Kurdistan syrien : "D'abord et avant tout des enfants"

Publié le 04 novembre 2019

Après la dernière offensive turque dans le nord-est de la Syrie, le journal "Le Parisien" a publié hier une tribune de Boris Cyrulnik, neuropsychiatre et membre du Comité de parrainage d'UNICEF France et Jean-Marie Dru, président d'UNICEF France.

Paris, le 3 novembre 2019 - Depuis la récente offensive turque dans le nord-est de la Syrie, 160 000 personnes, dont 70 000 enfants ont dû fuir avec leurs familles les zones de combat. Selon UNICEF, environ 9 000 enfants de combattants étrangers, originaires de 60 pays, dont 300 enfants français, tentent de survivre dans les camps du nord-est de la Syrie. Ils sont avec leur mère, parfois non-accompagnés ou orphelins. Victimes d’une guerre qui les dépasse, ces enfants restent d’abord et avant tout des enfants. Il est urgent qu’ils soient rapatriés par leur pays et qu’ils soient accompagnés dans la construction de leur avenir. 

Ces enfants, pour la plupart, sont nés dans des zones de conflit contrôlées par l’État islamique ou ont rejoint ces zones avec leurs parents. Tous sont victimes de circonstances tragiques et de violations flagrantes de leurs droits les plus élémentaires. Il est important de garder à l’esprit que ce sont des enfants et de les prendre en charge en tant que tels. 

La situation humanitaire de ces camps est catastrophique. Les enfants souffrent de malnutrition, de graves problèmes de santé, de blessures et de traumatismes causés par la guerre et par le manque d’accès à l’eau, à la nourriture et à des soins médicaux. Plusieurs sont morts d’épuisement et de maladies pourtant évitables. Et l’hiver qui s’installe rend la situation encore plus dangereuse.

Dans ce contexte, UNICEF exhorte depuis plusieurs mois les États à s’acquitter du devoir qui est le leur de protéger tout enfant de moins de 18 ans, conformément à la Convention internationale des droits de l’enfant (CIDE). Pour la France, cette responsabilité s’étend à tous ses enfants associés à des groupes armés sur leur territoire ou à l’étranger, ainsi qu’aux enfants de ressortissants français, où qu’ils soient nés. 

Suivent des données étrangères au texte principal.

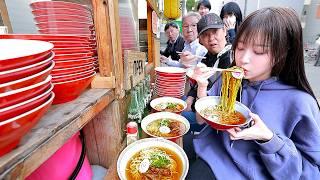 나고야5탄) 77세 사장님의 200kg 리어카라멘 10그릇 먹었더니 주민분들이 놀라셨어요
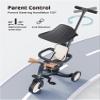 newyoo Toddler Tricycle with Helmet, Toddler Bike, Tricycles for 1-3 Year Olds, Kids Bike Helmet for 1-5 Year Olds, Dark Grey view 3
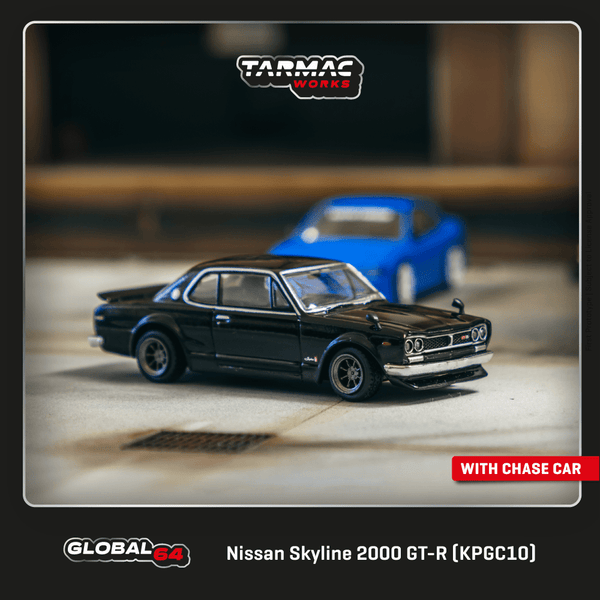 PREORDER Tarmac Works GLOBAL64 1/64 Nissan Skyline 2000 GT-R (KPGC10) Black T64G-043-BK (Approx. Release Date : MAY 2024 subject to manufacturer's final decision)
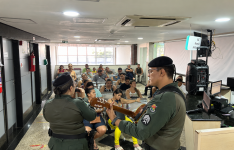 Hospital Estadual Leonardo Da Vinci promove momento de música e acolhimento a pacientes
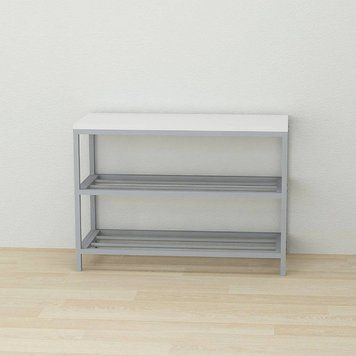 Банкетка универсальная Ferrum-decor Слайм 45x63x26 серый ДСП Белое 16мм (FRD-104080)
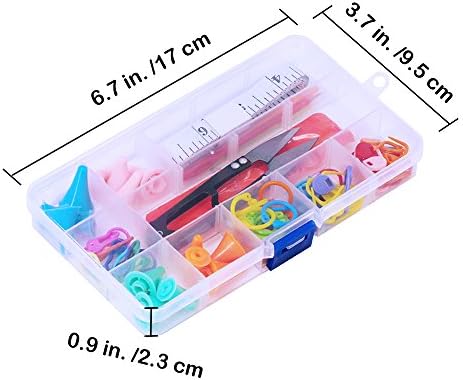 Exquiss 대나무 뜨개질 바늘 세트, 18쌍 원형(80cm(31.5인치)) 나무 뜨개질 바늘, 컬러 플라스틱 튜브, 36피스 싱글 포인트 대나무 뜨개질 바늘(24.1cm(9.5인치)), 직조용 뜨개질 도구 포함 — 사진 4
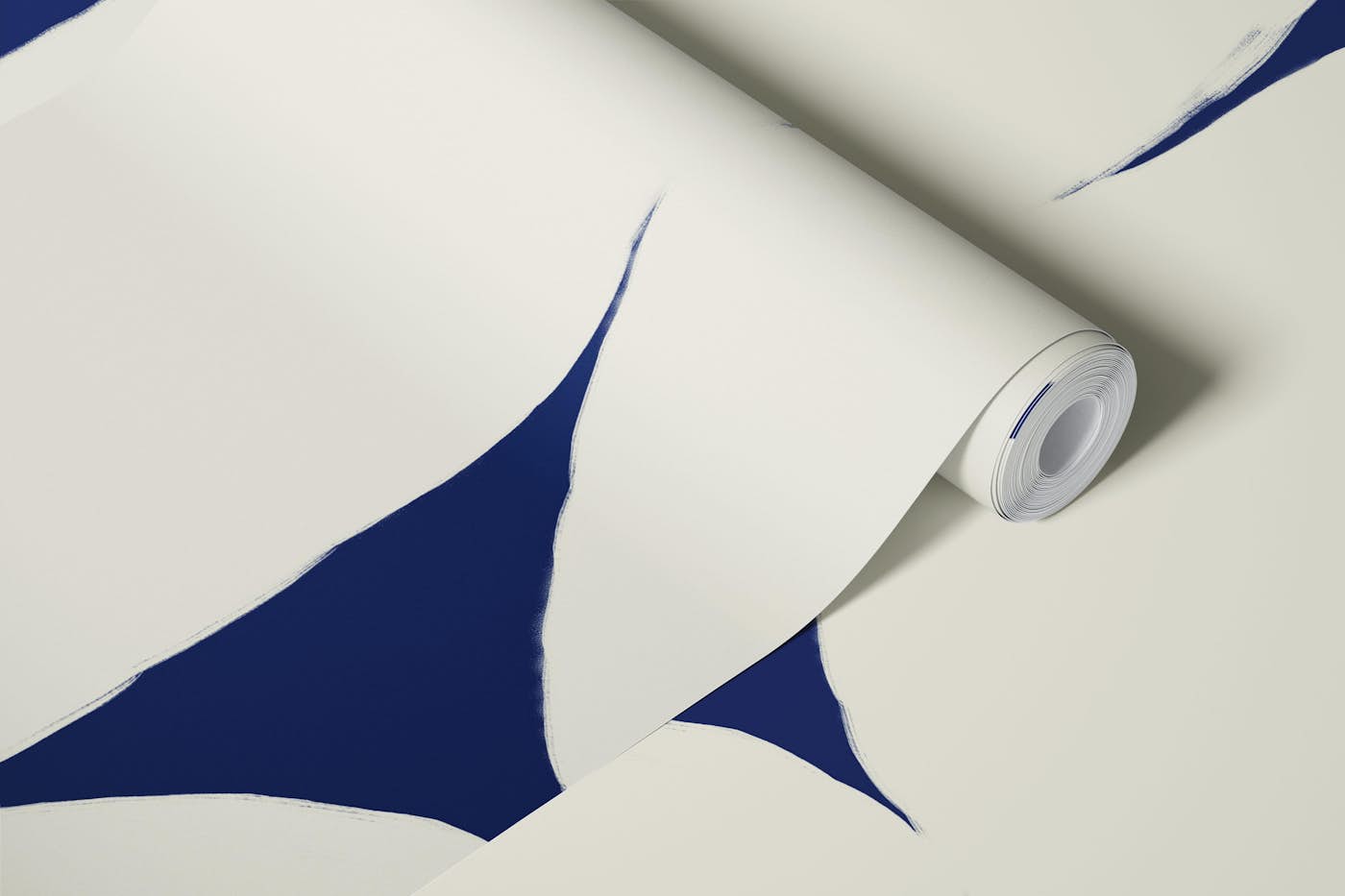 Abstract Blue Brush wallpaper roll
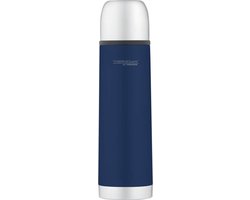 Thermos soft touch thermosfles - 0,5 liter - Blauw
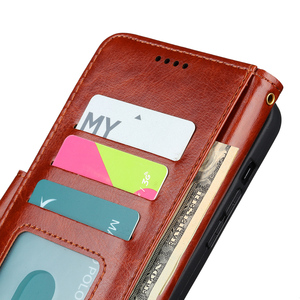 เคสโทรศัพท์หนัง PU แบบกระเป๋าสตางค์สุดหรูสำหรับ <span class=keywords><strong>iPhone</strong></span> 16 15 14 <span class=keywords><strong>Plus</strong></span> 13 12 11 XR X XS Pro Max - Product Image 2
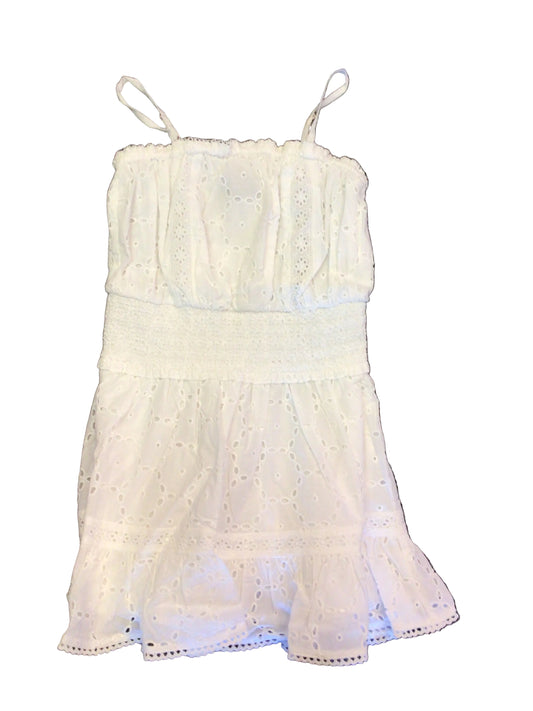 Katie J white eyelet Lucia dress
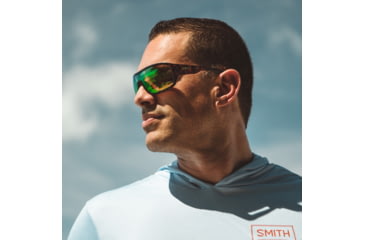 Image of Smith Spinner Sunglasses, Tortoise Frame, ChromaPop Polarized Green Mirror Lens, 20498108699ZY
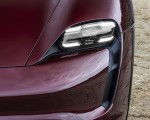 2021 Porsche Taycan 4 Cross Turismo (Color: Cherry Metallic) Headlight Wallpapers 150x120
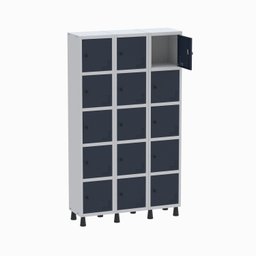 Armário Locker Guarda Volume Aço Light 15 portas 103,5x179,5cm - 2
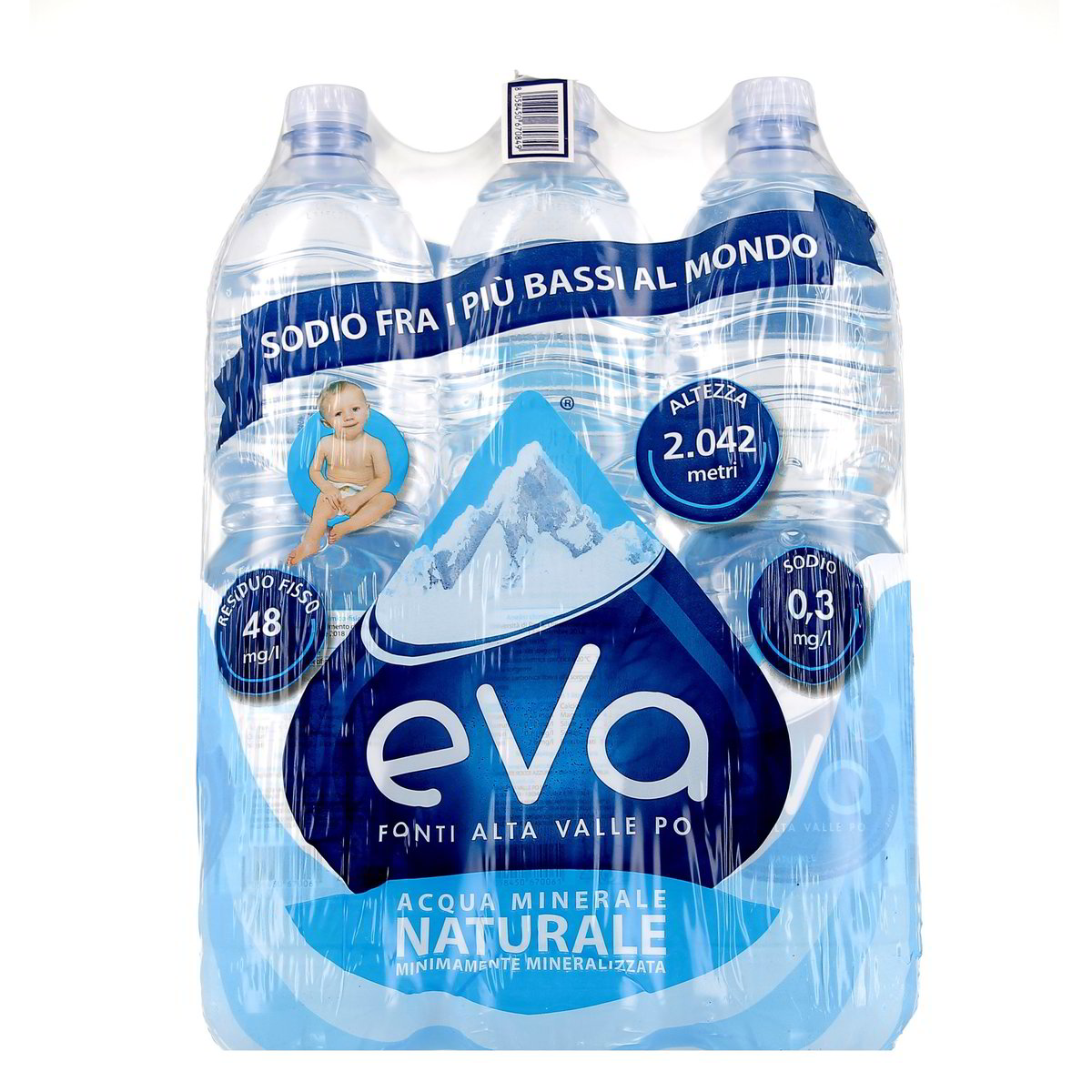 EVA Acqua Naturale 6 bottiglie GRANDI da 1,5 l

À ce jour, la France n’a rapatrié qu’un petit nombre d’enfants isolés et refuse de rapatrier leur mère. Pourtant, dans les pays qui nous ont sollicités, UNICEF a aidé au rapatriement de plus de 270 enfants. Certains pays ont fait le choix de rapatrier tous les enfants et toutes les mères qui sont leurs ressortissants. UNICEF a permis d’établir des relations avec les ministères et les représentants consulaires, de fournir une assistance juridique, d’accompagner le retour des enfants en veillant à leur réintégration au sein de leur famille élargie et de leur communauté. Ils ont pu retourner à l’école et bénéficient désormais des services de protection de l’enfance. Preuve s’il en faut que c’est faisable. Et c’est ce qu’UNICEF demande pour tous les enfants qui sont encore retenus dans des camps en Syrie.

Il est donc impératif d’agir, et d’agir vite. S’il est vrai que tous les enfants exposés aux conflits armés ont vécu des traumatismes, il a été aussi prouvé qu’ils sont capables de résilience en dépit des privations et des violences extrêmes qu’ils ont subies, s’ils sont accompagnés et aidés. Il est essentiel de ne pas les séparer et les emmener loin de leur mère, et de maintenir le lien affectif qui a pu se construire dans ce contexte. 

Pour permettre la reprise de leur développement, il faut analyser les facteurs de protection ou de vulnérabilité acquis dans la famille avant le trauma et les facteurs de résilience disposés autour de l'enfant après le trauma. Tout isolement, toute séparation ou non explication aggraveraient les troubles et empêcheraient la reprise d'un développement. Si on ne s'occupe pas de ces enfants dès maintenant, on devra s'en occuper plus tard dans des circonstances plus douloureuses.

Ces enfants doivent être traités comme des victimes et non comme des criminels, conformément aux dispositions de la CIDE. Tous les enfants ont les mêmes droits. Ils sont inaliénables et reconnus comme tels. N’abandonnons pas ces enfants.